Goddelijke Alomtegenwoordigheid en Alwetendheid

De liefde verschijnt in de geestelijke wereld als warmte en wijsheid als licht. Daarom verschijnt de Goddelijke liefde voor de engelen in de hemel als één ZON. Toch zijn liefde en wijsheid niet twee eigenschappen, maar ze zijn als één eigenschap: en dat is de Goddelijke liefde, Die alles in zich heeft.

 

Bij engelen of geesten, die de liefde [warmte] meer ontvangen dan de wijsheid [licht]. Daarom worden deze hemelse engelen of hemelse mensen genoemd. Bij engelen of geesten die de wijsheid [licht] echter meer ontvangen, deze worden dan geestelijke engelen en geestelijke mensen genoemd.

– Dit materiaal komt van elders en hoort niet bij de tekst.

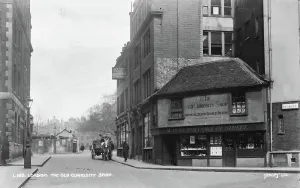 Cultural Prints: The Old Curiosity Shop, London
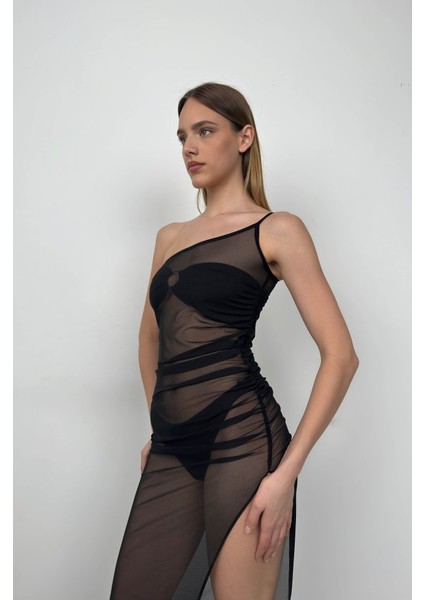 Tek Omuz Yırtmaç Detay Pareo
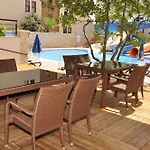 Almera Park Apartahotel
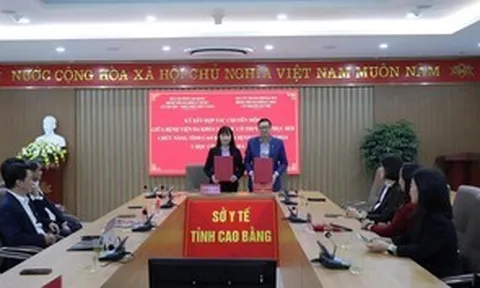 Cú bắt tay chiến lược mở đường cho mô hình y học cổ truyền thời công nghệ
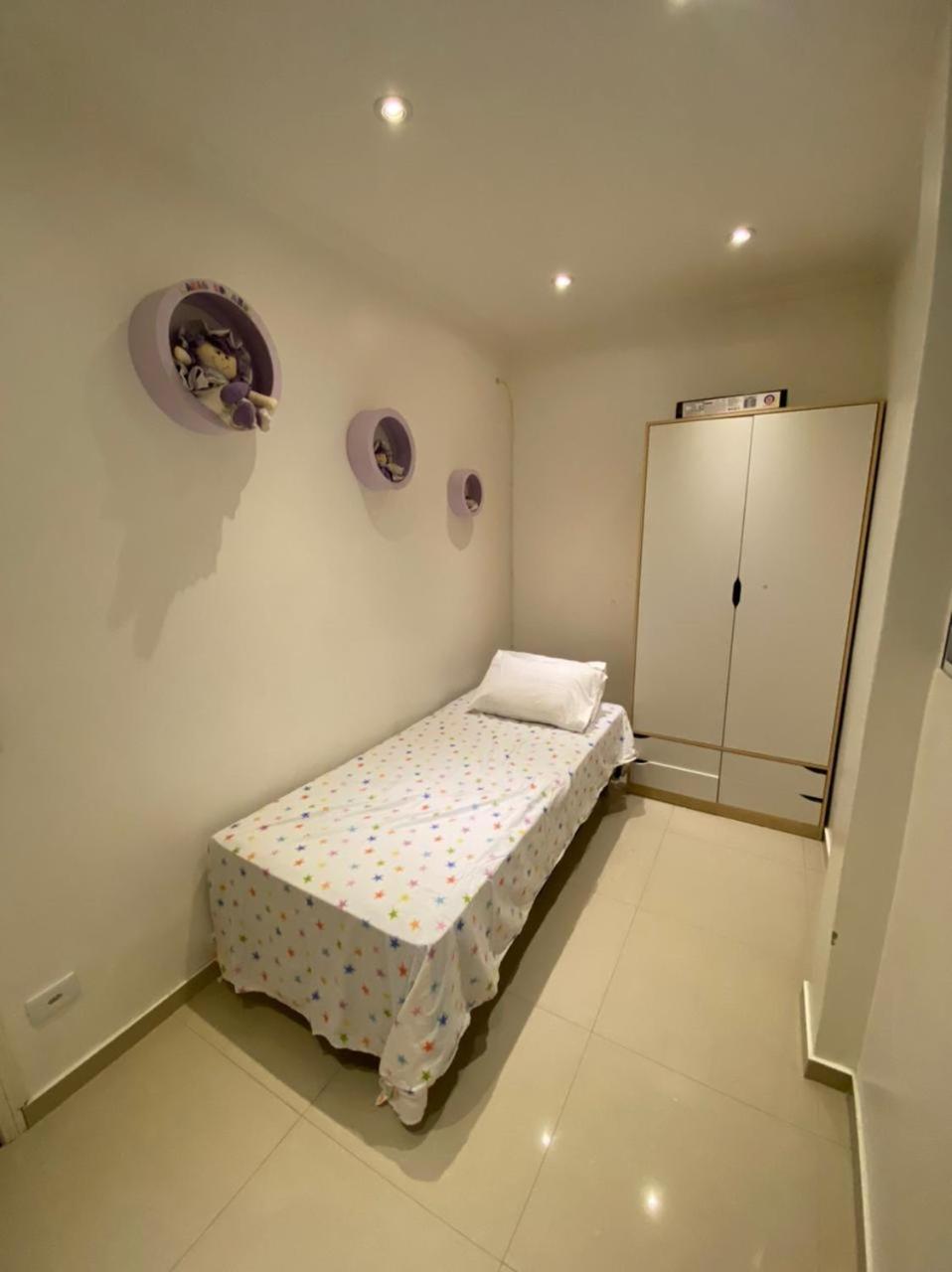 Apartamento para pessoas de família ou a negócio, Ap Grande 3 quartos no Brás próximo igreja Mundial,mercado municipal, 25 de março, templo Salomão, metro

Op de Aarde schijnt de Zon als één grote vuurster [en zij is wel miljoen keer groter dan de Aarde] volgens de geschriften van Jakob Lorber]. Het vuurelement van de Zon en daaruit komen warmte en licht tegelijk. Vooral in de lente en de zomer komt dit tot uiting. De Heer is alomtegenwoordig [en dat is Zijn liefde] en Hij is alwetend [de wijsheid en het ware]. Het heelal is zodanig geschapen, dat de Heer in alles de eerste [the first = de Vorst] is en tevens ook de laatste en Hij woont in het midden [van het centrum] en is dus alom tegenwoordig.

 

Ieder mens is tot een bepaald nut geschapen op deze Aarde. De meesten hebben in zekere zin een voorkeur voor een bepaald nut [goed of slecht]. Het spreekwoord:  ‘Liefde voor een zaak hebben!’ Een nut hebben in dit leven is nuttig voor het algemeen welzijn voor de mens zelf, voor zijn naaste, maar bovenal voor de Heer. Iedereen die een goed nut [werk] verricht en dat liefheeft, uit dat in liefde voor de algemene zaak, dus voor het algemene nut, en dat wordt door de Heer bemind en door Engelen met vreugde in de hemel ontvangen.

 

Maar een liefde voor zichzelf houden, een liefde voor de wereld hebben, dat houd de mens af van zijn genoegens der wijsheden en dompelt hem in de genoegens van wereldse zaken, ook van zijn lichaam, wat samenhangt met de boosheden. Dezulken worden volgens Swedenborg na de dood in helse gezelschappen gebracht en tot werken gedwongen door de kracht van de honger en door gebrek aan voedsel.

 

De gehele hemel is vervuld met ‘nuttigheden’ en een ieder krijgt daar als beloning een mooi huis met een overvloed aan huisraad en kelderschappen vol met voedsel in een paradijselijke sfeer, maar een ieder naar zijn werken. [Vergelijk ook GJE, deel 1, thema Sichar of zie verder bij Joh, 24:20,21]

 

De ruimten in het oerheelal en de uitgebreidheden voor God zijn geen grote oneindige ruimtes en uitbreidingen voor de Heer Zelf, want deze oneindige dieptes en hoogten omvat Hij Zelf, want Zijn Goddelijkheid is overal tegelijk.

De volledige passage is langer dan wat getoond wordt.